Election of Board of Directors and auditors

Carl Bennet was re-elected Chairman of the Board of Directors, Johan Bygge, Rolf Ekedahl, Carola Lemne, Johan Malmquist, Margareta Norell Bergendal and Johan Stern were re-elected Board members.

Öhrlings PriceWaterhouseCoopers AB was elected as the Company’s auditor, with Magnus Willfors as principal auditor and Johan Rippe as co-auditor.

Fees to the Board of Directors and auditors

It was resolved that remuneration to the Board of Directors shall amount to a total of SEK 2,800,000, of which SEK 800,000 will be paid to the Chairman and SEK 400,000 each to the other Board members elected by the Meeting who are not employees of the Group. In addition hereto, the Meeting resolved that remuneration totalling SEK 475,000 will be paid for the work of the Audit Committee, of which SEK 175,000 to the Chairman and SEK 100,000 each to the other members, while a total of SEK 250,000 will be paid for the work of the Remuneration Committee, of which SEK 100,000 will be paid to the Chairman and SEK 75,000 each to the other members.

The auditor’s fee shall be payable in accordance with approved account.

Dividend

According to the proposal of the Board of Directors and the CEO, the Annual General Meeting resolved to declare a dividend of SEK 2.40 per share. Tuesday, 22 April 2008 was determined as record date for dividend.

The Board’s Proposal regarding Guidelines for Remuneration to Senior Executives

The Annual General Meeting approved the proposal of the Board regarding guidelines for remuneration to senior executives. The proposal principally implies the following.

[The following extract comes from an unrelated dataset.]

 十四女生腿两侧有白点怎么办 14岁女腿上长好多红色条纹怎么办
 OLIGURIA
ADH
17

Remuneration and other terms and conditions of employment for senior executives shall be based on market conditions and be competitive in all markets where Getinge is active to ensure that competent and proficient employees can be attracted, motivated and retained. The total remuneration to senior executives shall comprise basic salary, variable remuneration, pensions and other benefits. The variable remuneration shall be restricted and based on predetermined targets. In addition to variable remuneration, approved share or share-related incentive programs may occasionally be instituted. The Board shall retain the right to deviate from the guidelines if motivated by particular reasons on an individual basis.

Call Option Program

The Annual General Meeting approved the proposal of the Board regarding a call option program for 2008, which means that the company shall issue and distribute not more than 625,000 call options to certain senior executives in Sweden and Germany. The call options shall be acquired at market rate (premium) amounting to 10 % of the average of the last closing rate of Getinge’s series B share over ten trading days beginning 23 April 2008. The price per share to be paid by the option holders to acquire a share when exercising a call option (exercise price) shall correspond to the market price that results from the established premium and calculation in accordance with the customary valuation model (Black & Scholes).

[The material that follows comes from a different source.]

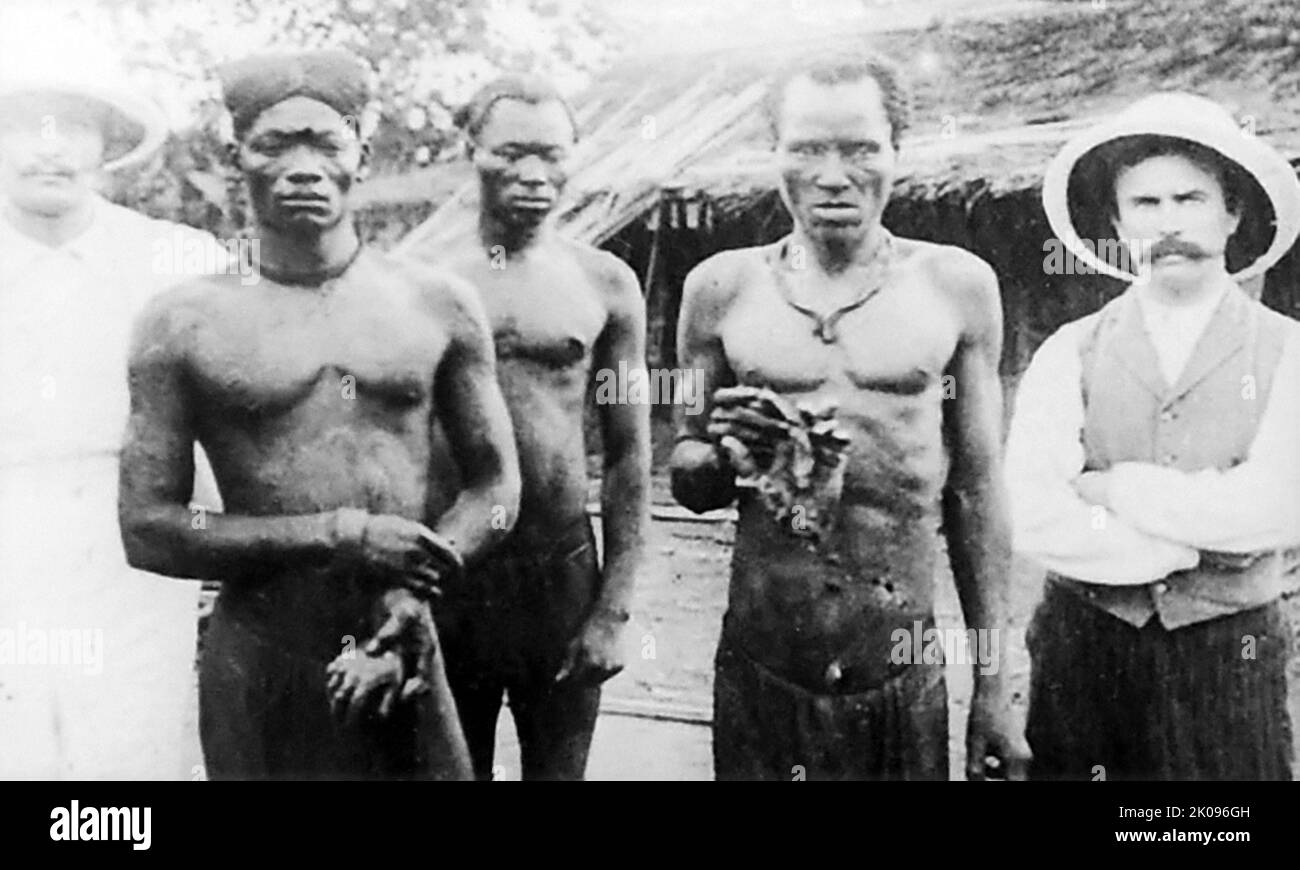 König Leopold II. Von der belgischen Verwaltung des Kongo-Freistaates war von Gräueltaten, einschließlich Folter und Mord, die auf berüchtigte systematische Brutalität zurückzuführen waren, gekennzeichnet. Die Hände von Männern, Frauen und Kindern wurden amputiert, als die Gummiquote nicht erreicht wurde und Millionen der kongolesischen Bevölkerung starben. Stockfoto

The provision of shares in accordance with the call option program is guaranteed by the principal shareholder Carl Bennet AB. As remuneration for this guarantee Carl Bennet AB will receive an amount that corresponds to the premium that Getinge receives from the option holders. The call options carry entitlement to acquisition of existing shares and, accordingly, do not result in dilution for the company’s shareholders.

The Board is considering encouraging participation in the incentive program through the promise of a cash bonus to be paid a month prior to the maturity of the options. The bonus will only be paid provided that the participant remains an employee of Getinge Group. The cash bonus can amount to a maximum of 50 % of the paid premium.

Approval of Management Buy-Out

According to the proposal of the Board of Directors, the Annual General Meeting resolved to approve the transfer of all shares in Renray Healthcare Limited from Huntleigh Renray Limited, an indirectly wholly owned subsidiary, to Renray Holdings Limited. The Buyer is owned by Graham Silman, Jacqueline Dearden and Jannson Cartman, who are managers in Renray Healthcare Limited. The transaction was effected as of 15 January 2008 and the compensation amounted to ₤ 1.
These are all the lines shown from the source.